» Work instructions:
From the top of the entries, reproduce each line exactly, stopping after the line that contains "Hotel Century21 Hiroshima Exterior photo". Omit pictures.

» Records from a dataset:
__________________________________________________

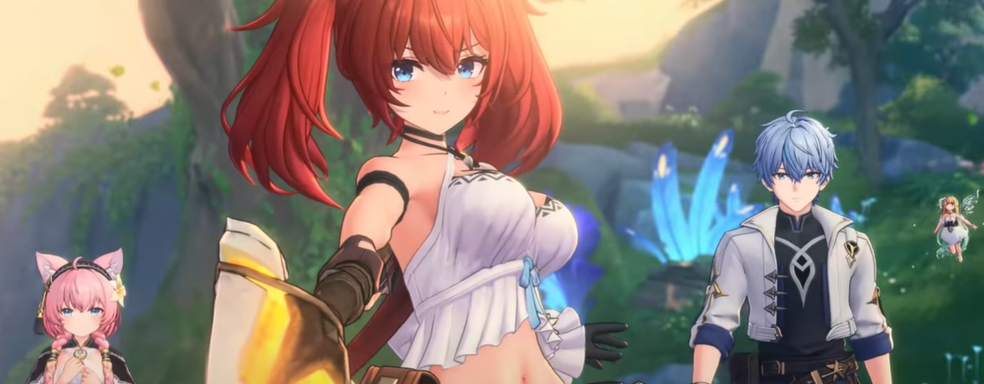 Показали геймплей Azur Promilia — RPG с элементами Genshin Impact и Palworld от авторов Azur Lane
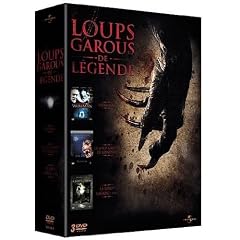Coffret loups garous de l�gende - The Wolfman + Le loup garou de Londres + Le loup-garou (1941)
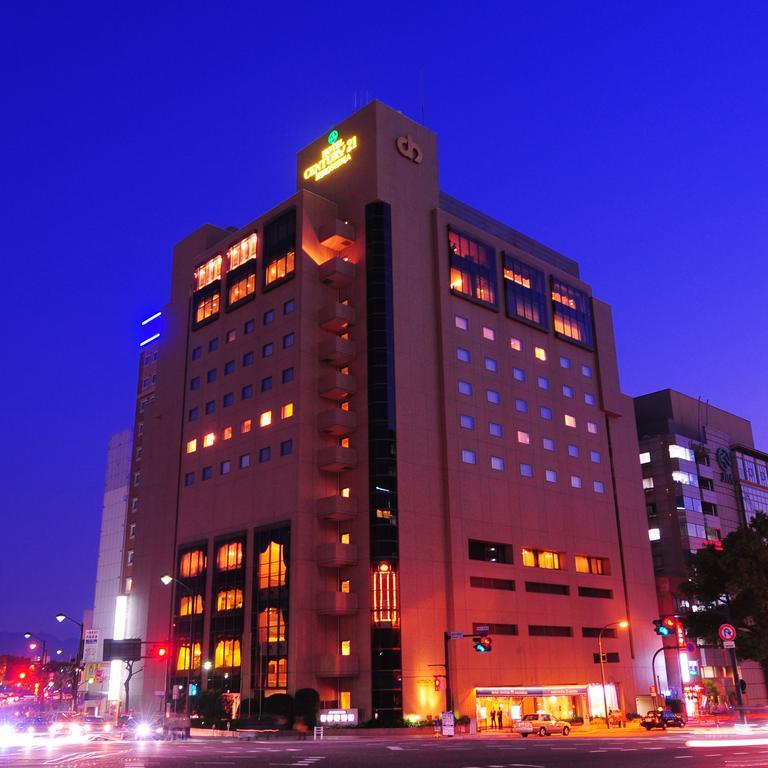 Hotel Century21 Hiroshima Exterior photo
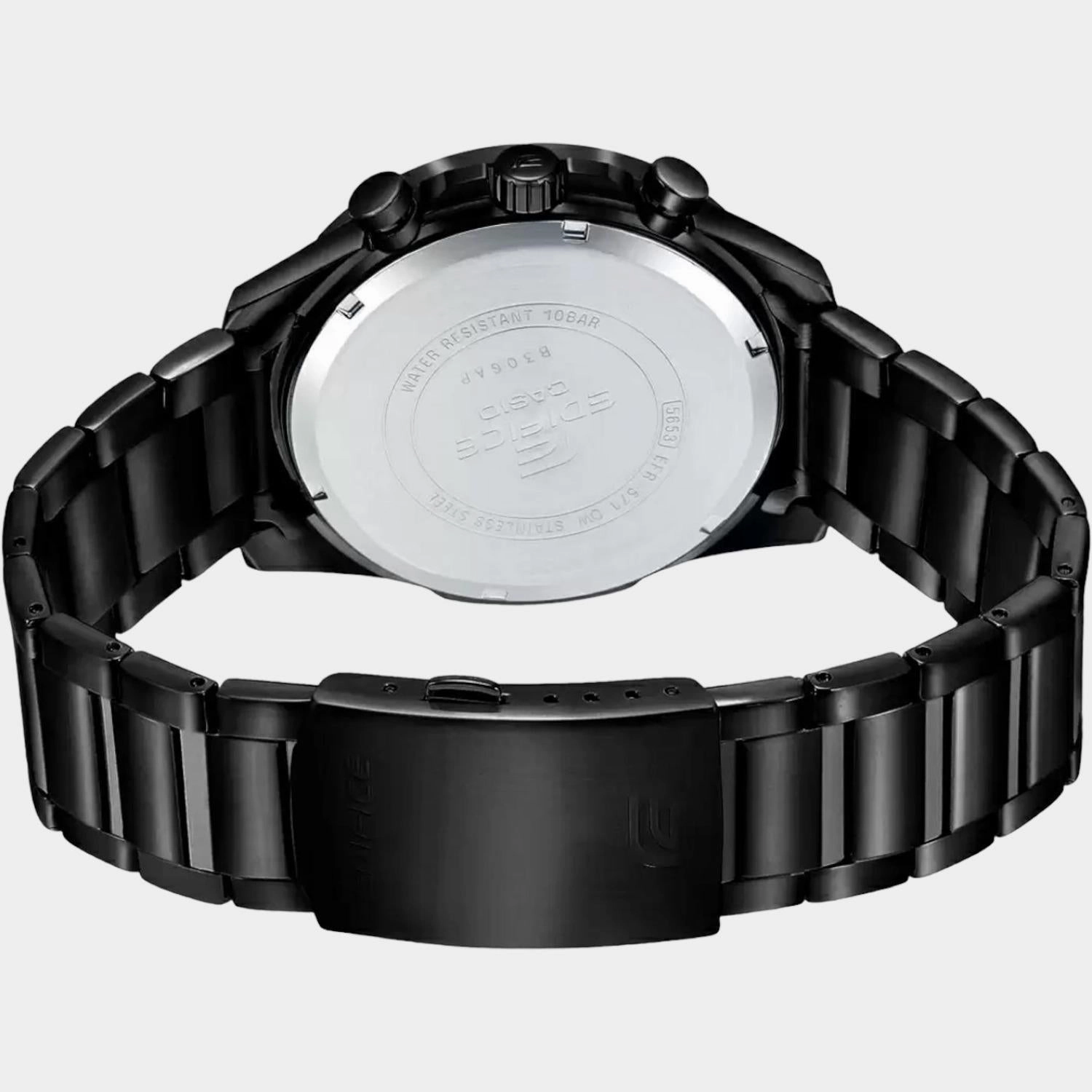 Edifice Men's Stainless Steel Chronograph Watch ED517 - EFR-571MDC-1AVUDF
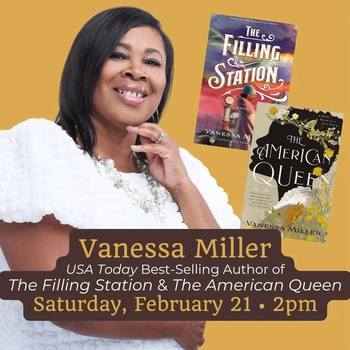 yodel_Vanessa Miller Author Talk & Book Signing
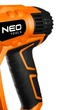 Термофен потужність NEO Tools 04-710 2000 Вт з кейсом та дисплеєм - зображення 5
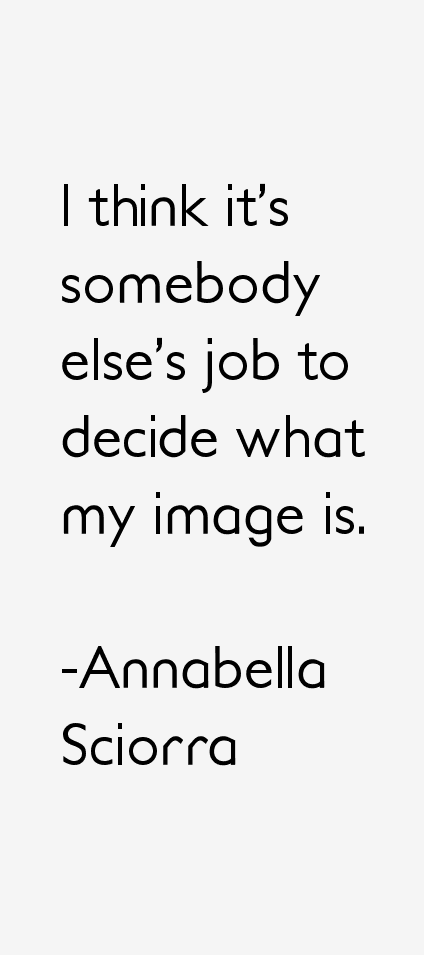 Annabella Sciorra Quotes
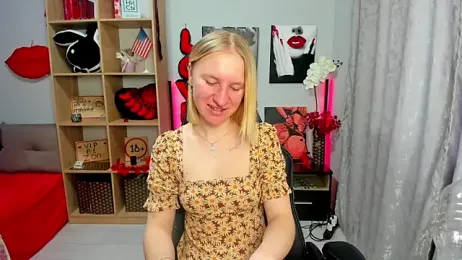 BeautyBlondy webcam model stream image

__________________________________________________

» Final answer:
 Показали геймплей Azur Promilia — RPG с элементами Genshin Impact и Palworld от авторов Azur Lane
Coffret loups garous de l�gende - The Wolfman + Le loup garou de Londres + Le loup-garou (1941)
 Hotel Century21 Hiroshima Exterior photo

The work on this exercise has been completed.